Studio album by Luz Casal
- Released: 1991
- Studio: Madrid, London, Bonn,
- Genre: Rock; Hard rock; Pop rock; Rock en español; Ballad; Bolero;
- Length: 60:20
- Label: Hispavox
- Producer: Chucho Merchán; Pancho Varona; Paco Trinidad; Luz Casal; David Summers; Gloria Varona;

Luz Casal chronology
| Luz V (1989) | A contraluz (Backlight) (1991) | Como la flor prometida (1995) |

Singles from A contraluz (Backlight)
- "Un pedazo de cielo" Released: 1991; "Es por ti" Released: 1991; "Tal para cual" Released: 1991; "Piensa en mi" Released: 1991; "Un año de amor" Released: 1991;

= A Contraluz (Luz Casal album) =

"A contraluz" (Backlight) is the sixth studio album by the Spanish female rock singer-songwriter Luz Casal, released in 1991, two years after her previous release. It is also her second album for Hispavox, her music label since 1989. This album, also produced by the Colombian Chucho Merchán, by Paco Trinidad and by herself, confirms Casal's reputation as one of the best voices in the Spanish music scene. The commercial success of this album is highly related to the film High Heels, directed by Pedro Almodovar, for which two songs from this album were included in its soundtrack.

== Style ==
In this album, Casal maintains the rock side of her previous releases with strong guitars and powerful drums. In some songs, such as "Tu orgullo", she even combines those with country music sounds but, in general, the ballads gain more and more space in this album. As in the previous record, five songs were released as Maxi singles. The first was "Un pedazo de cielo" (A piece of heaven), which follows the usual style of the singer. The next single was "Es por ti" (It's for you) which is a cover version of "Boig per Tu", originally sung in Catalan by the band Sau. The following singles from the album were all ballads, "Tal para cual" (Made for each other), and most notably, "Piensa en mi" (Think of me), and "Un año de amor" (A year of love).

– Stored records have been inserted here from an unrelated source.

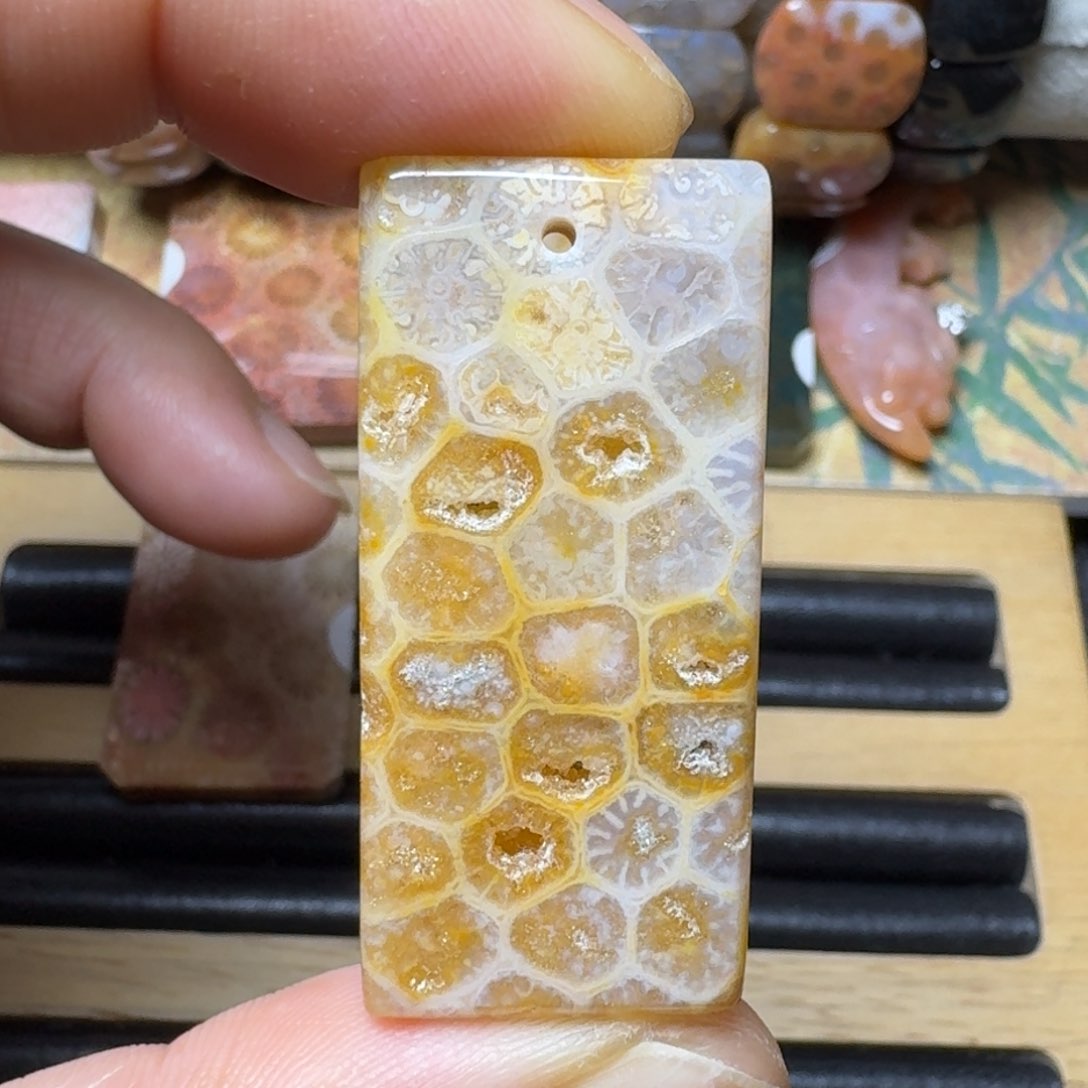 硅化玉纯天然有机玉石 保真色未镶嵌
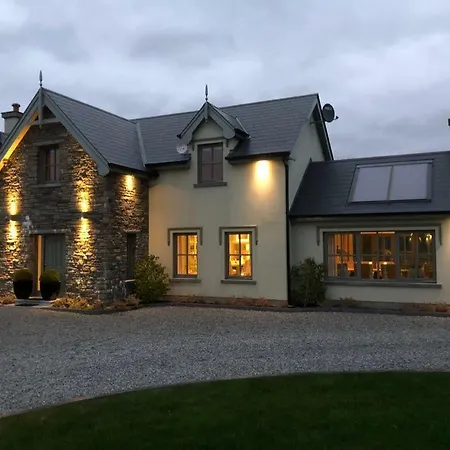 Beechwood 4, Kenmare Luxurious Living Villa Killowen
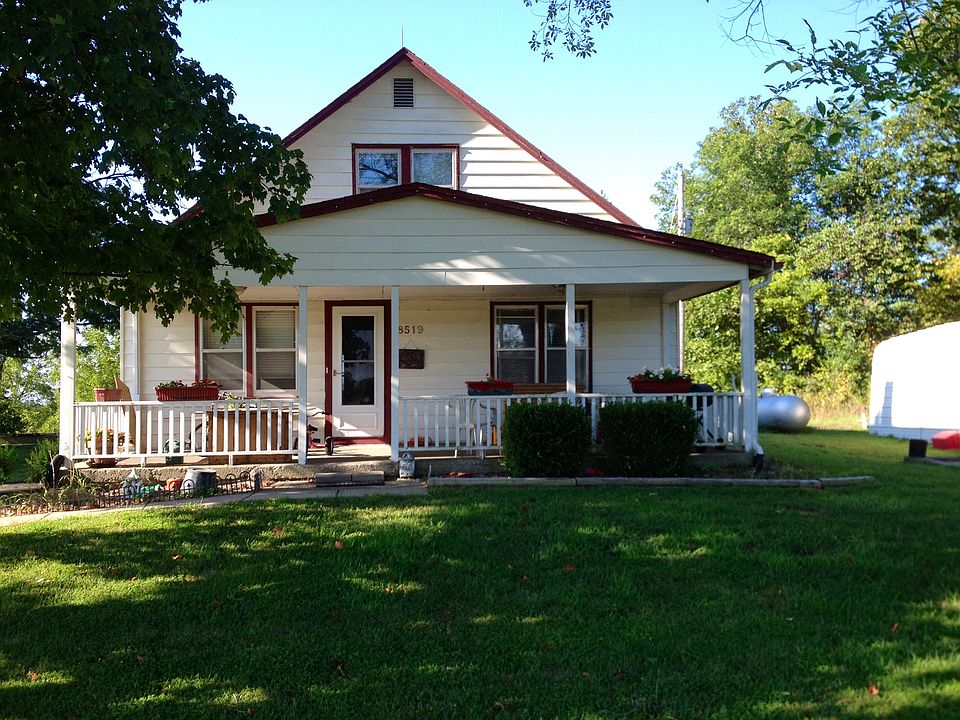 Cute country home
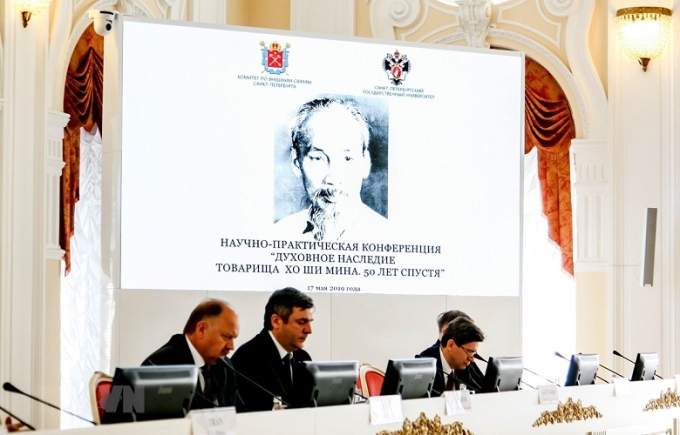 Hội thảo được tổ chức trang trọng tại khán phòng chính của trụ sở thành phố cho thấy sự kính trọng từ phía Chính quyền Saint-Petersburg với Chủ tịch Hồ Chí Minh - vị lãnh tụ kính yêu của Việt Nam. (Ảnh: TTXVN)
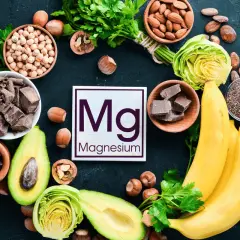 Bananes, avocat, amandes, chocolat noir, graines de chia, pois chiches, noisettes. Quel est le fruit le plus riche en magnésium ? La banane !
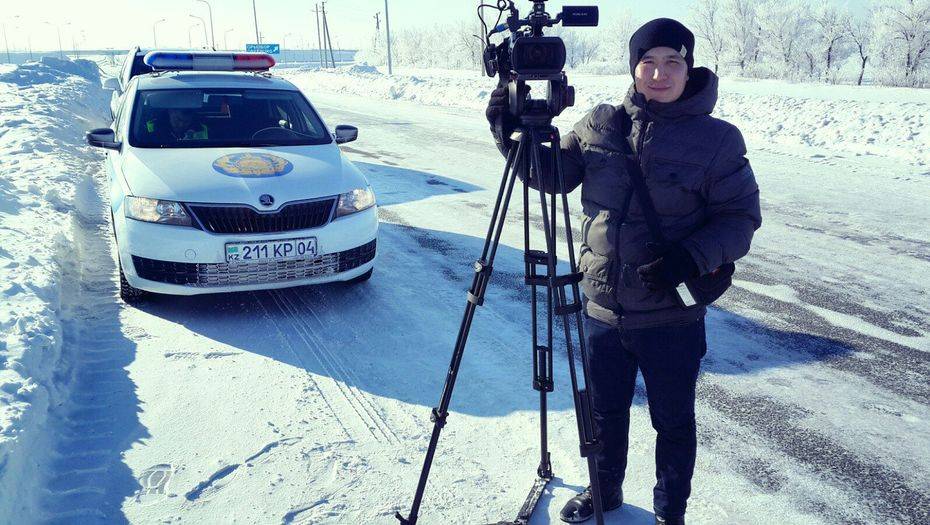 Телеоператора избили на похоронах актюбинца, взявшего в заложники врача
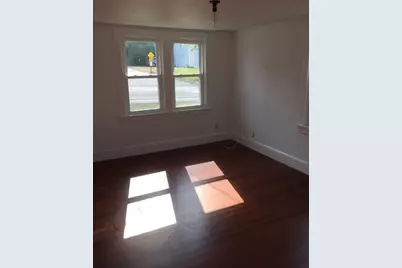 211 Wolcott Avenue #1, Middletown, RI 02842 - Photo 11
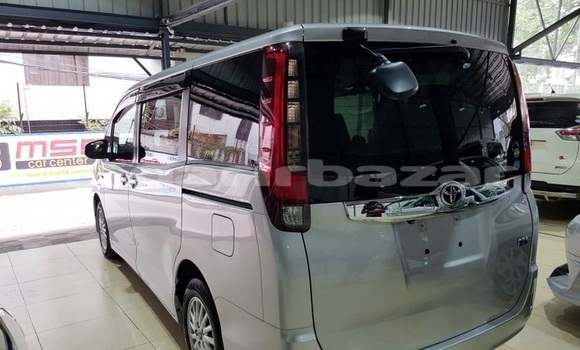Buy Used 2016 Toyota Noah in Dhaka, Dhaka Buy Used 2016 Toyota Noah in Dhaka, Dhaka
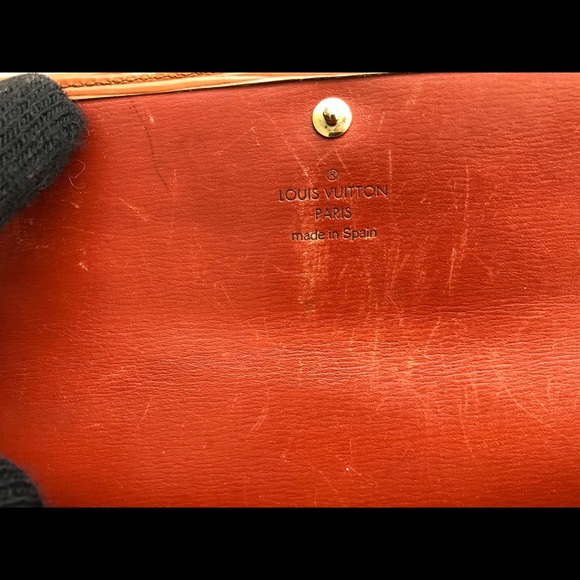 ✨Louis Vuitton Epi leather Preloved Wallet converted to a Wallet on a Chain - Picture 9 of 13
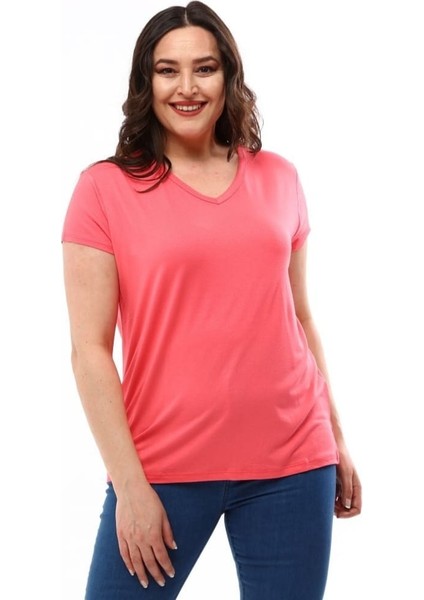 Kadın Büyük Beden V Yaka Basic Kısa Kollu Tişört %95 Pamuk %5 Likra Premium Kumaş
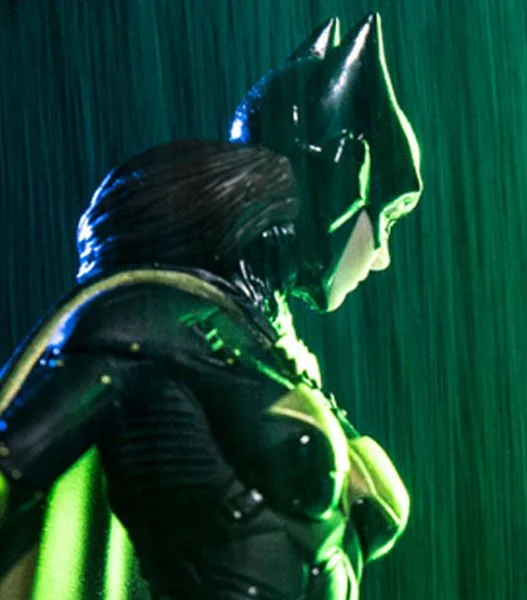 1/10 ARKHAM NIGHT - BATGIRL STATUE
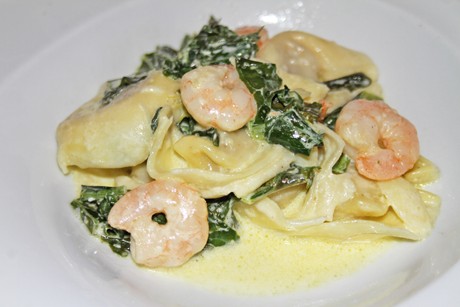 Tortellini in Spinat - Garnelen - Sauce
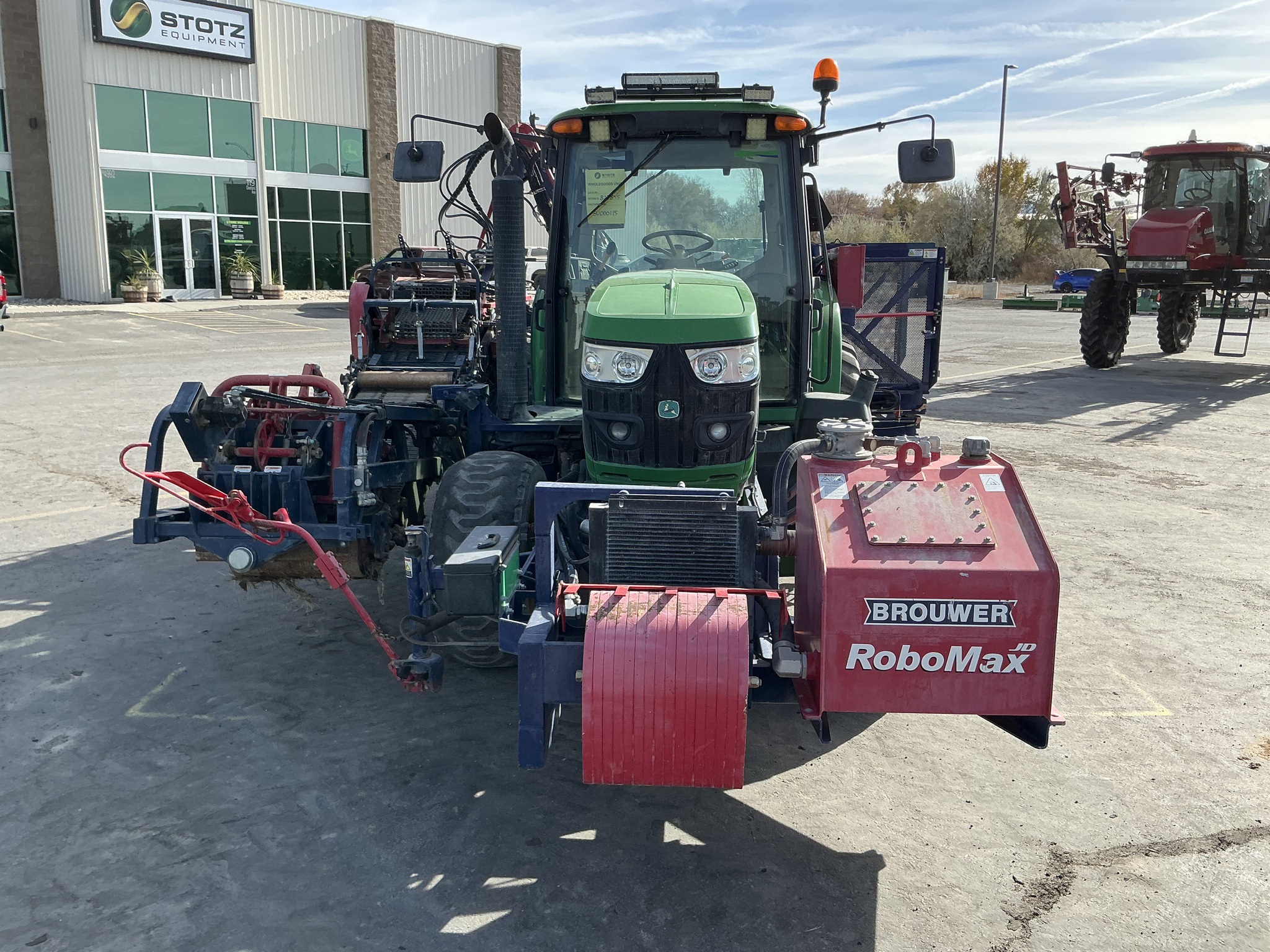 2015 John Deere 6105M Image 8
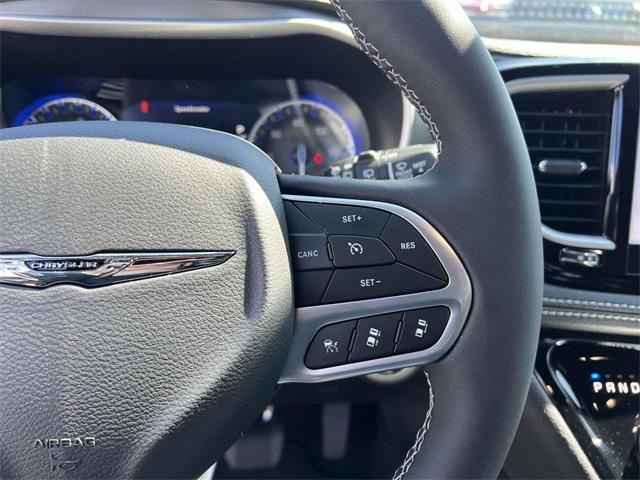 new 2025 Chrysler Pacifica car, priced at $45,630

"Piensa en mi" (Think of me) was originally composed by the Mexican bolero singer Agustín Lara in 1935 and has been covered and performed by various Latin American artists during the 20th century. Casal's version was used in the Almodovar's High Heels in a performance that was portrayed in the image of a suffering Becky del Páramo, played by Marisa Paredes. The version that Casal sung for the film was a surprise, both for many of her followers and for many musical critics, because it was the first time that a rock singer haddared to perform a bolero. Casal's performance received a very positive response, praising the heartbreaking sensitivity she shows. The last single from the album, "Un año de amor" (A year of love), an adaptation of Nino Ferrer's 1963 song C'est irréparable was used in the film, this time sensually with the image of a transvestite Miguel Bosé. These songs heavily influenced Casal's repertoire in her following albums.

==Track list==
1. "Un Pedazo de Cielo"/A Piece of Heaven (Luz Casal, Pablo Sycet, Tony Carmona) 4:58
2. "Se Verá"/It Remains to be Seen (Casal, Javier Monforte, Paco Trinidad) 4:45
3. "Todo Va Bien"/All is Well (John Parsons, Serge Mailliard, Casal, Sycet) 4:12
4. "A Mil Kilometros"/A Thousand Kilometers (Casal, Sycet, Monforte, Trinidad) 4:28
5. "Es Por Ti"/It's For You (Pep Sala, Carles Sabater, Joan Capdevilla) 4:43
6. "Tal Para Cual"/Made for Each Other (Carmen Santonja, Alvaro De Cardenas) 4:04
7. "¿Que Día Es Hoy?"/What's Today? (Casal, Santoja, Cardenas) 5:00
8. "Es Mejor Que Te Vayas"/It's Better That You Go" (Summers) 3:51
9. "Tu Orgullo"/Your Pride (Casal, Sycet, Carmona) 4:57
10. "Piensa en mí"/Think of Me (Agustin Lara) 4:29
11. "Un Año De Amor" (C'est irréparable/Un anno d'amore)/A Year of Love (Nino Ferrer/G. Verlor, spanish text : Pedro Almódovar) 3:21

==Reception==
The LP sold over 600,000 copies, receiving a six-times platinum certification. This was due largely to the success of the singles "Piensa En Mi" and "Un Año de Amor"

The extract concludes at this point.